When I was in high school, my sister went on an extended backpacking trip around Europe (these were the '70s) and wrote letters home on thin airmail paper detailing her travels and what she had seen and done.
I still love receiving letters in the mail, though it seem like now they are mostly stuffy, business-like things, such as bank statements. My mailbox is down the street from my house (here in Canada they're called community mailboxes, I think), so when I get a "real" letter, I can't wait to rush home and open it.
Letters tell us that someone cares, and that they are thinking of us. Even more exciting is receiving a package in the mail, especially when it contains a gift. Oooh, joy!
I've always loved writing and paper, and I know I'm not alone in my love a receiving delightful letters.
Just look at these adorable papers and cards. It takes so little to make life pretty — just a touch here and there, a small detail that brings joy, or a moment of silent reflection.
My mom was one of my most ardent supporters. She subscribed to everything I've created and insisted on paying me for anything that I had for sale. I wrote and painted always knowing that mom would be seeing what I created. I sure miss her.
Just when we thought it was over, winter showed up again. The snowdrops in my front flower bed were about to open their darling white blossoms but now are buried in snow.
It has snowed steadily for a day and a half, covering cars, causing bushes to bend under the weight, and forming icicles from eves. And it shows no signs of stopping any time soon. While the temperatures are not terribly cold, blasts of wind blow snow around into drifts and into faces. Here is the forecast for the week. Showers after snow...very messy.

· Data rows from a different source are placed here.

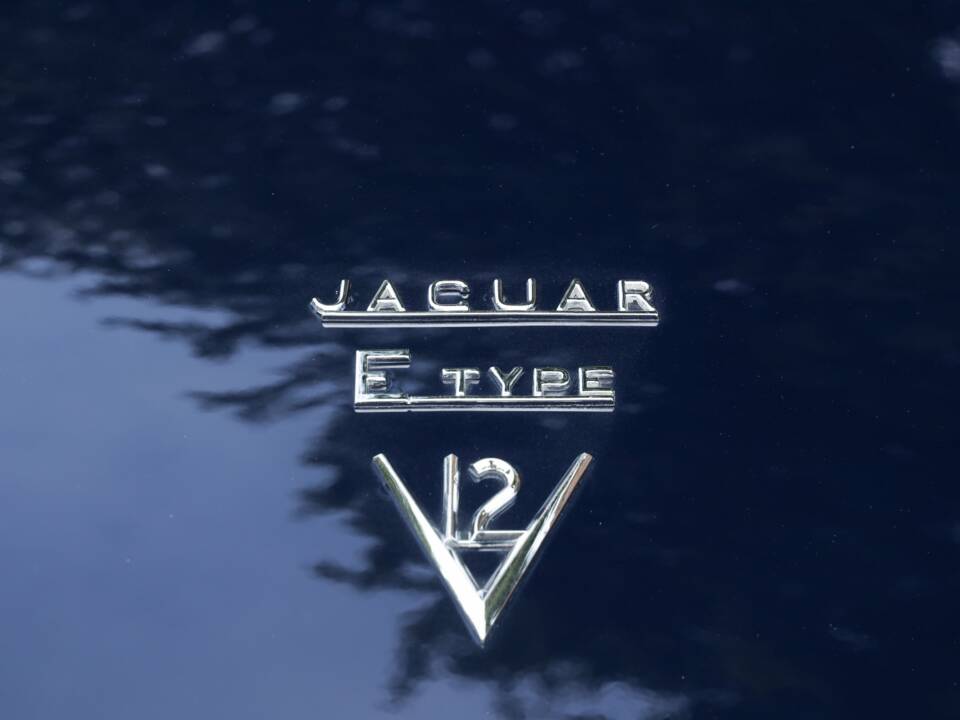 Obraz 48/50 pojazdu Jaguar E-Type V12 (1973)
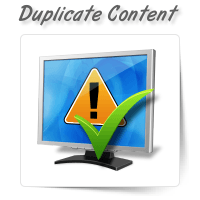 Duplicate Content Identification
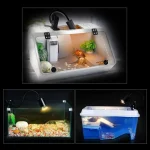 1-20PCS 25/50/75W UVA+UVB Reptile Lamp Bulb Turtle Basking Heating Light UV Light Bulbs Full Spectrum Sunlamp for Amphibians 4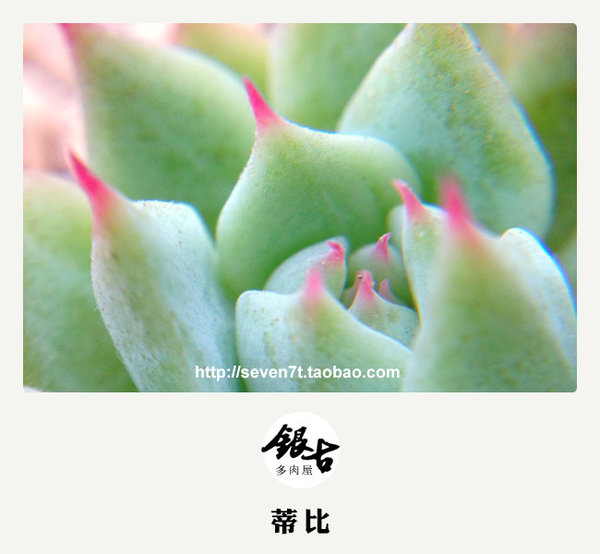 【出售多肉植物】秋天来了，带着宝宝认识大自然吧。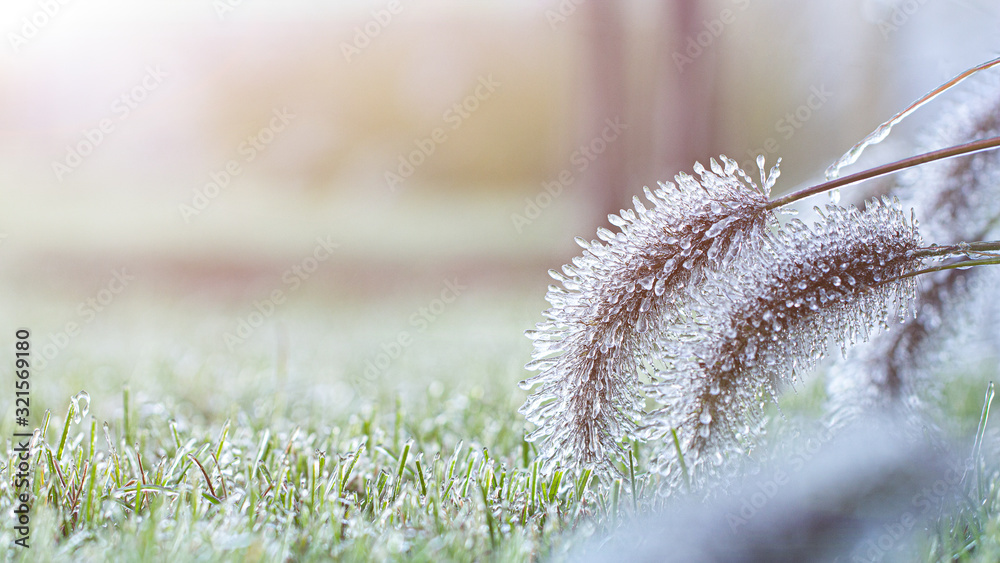 Beautiful winter or autumn landscape. The plants are covered with ice in the garden. Selective focus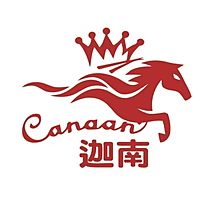 Show profile photo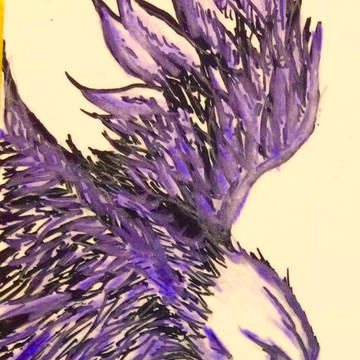 年賀状用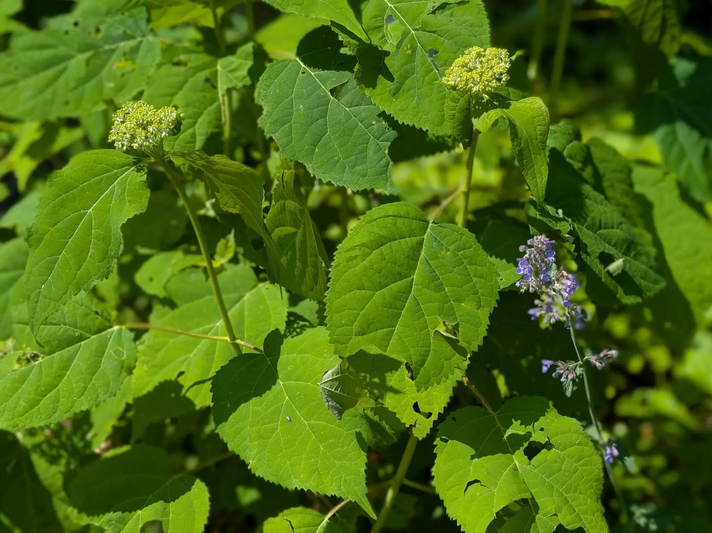 Hortensienblätter mit Löchern durch Hagel | © Ann-Kathrin Schöll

How pretty this window is with its fringe of icicles. Notice the little snow hats on the shrub on the left. It's a sure sign that the temperature is not deep cold when icicles form. It has to be warm enough for ice to melt a little.
From a bedroom window, I saw this little Junco taking a break in the honeysuckle thatch. I love how these bird fluff their feathers up so they look like balls with beaks and tails.
The street was nearly empty except for a few hardy souls. Most rushed from one stop to the next, heads bent against the wind and blowing snow. In winter, you get to see the trees in different form than when they have leaves. They are quite beautiful both ways.
There is something melancholy about an empty park bench in winter. It's like it is waiting for spring all alone. Of course, you can sit on such a bench but you're likely to get a cold, and possibly wet, bottom from it.
My boots are short so I don't generally attempt walking in deep snow. But to cross the street to the park, I had to plunge through a drift. Yes, the snow went over the tops of my boots and left me with wet ankles. Don't you love my jazzy pants, though?
I bought this new parka to go to Saskatchewan for my mom's funeral in January. I thought I would wear it on the prairies then come home and hang it in the closet for the rest of the year. Alas, it has turned out to be more needful than I expected and I am glad to have it.
I read somewhere recently that winter is a time for the earth to rest. While I might differ on that idea, one of the best things to do when the snow keeps falling is stay inside and get cozy. I don't have a fireplace but I do have a thermostat and a warm wool throw to wrap up in.
My husband and I cuddle up on the sofa and watch travel videos or Netflix movies.
I could use a season of rest from the wheel of the mind, couldn't you?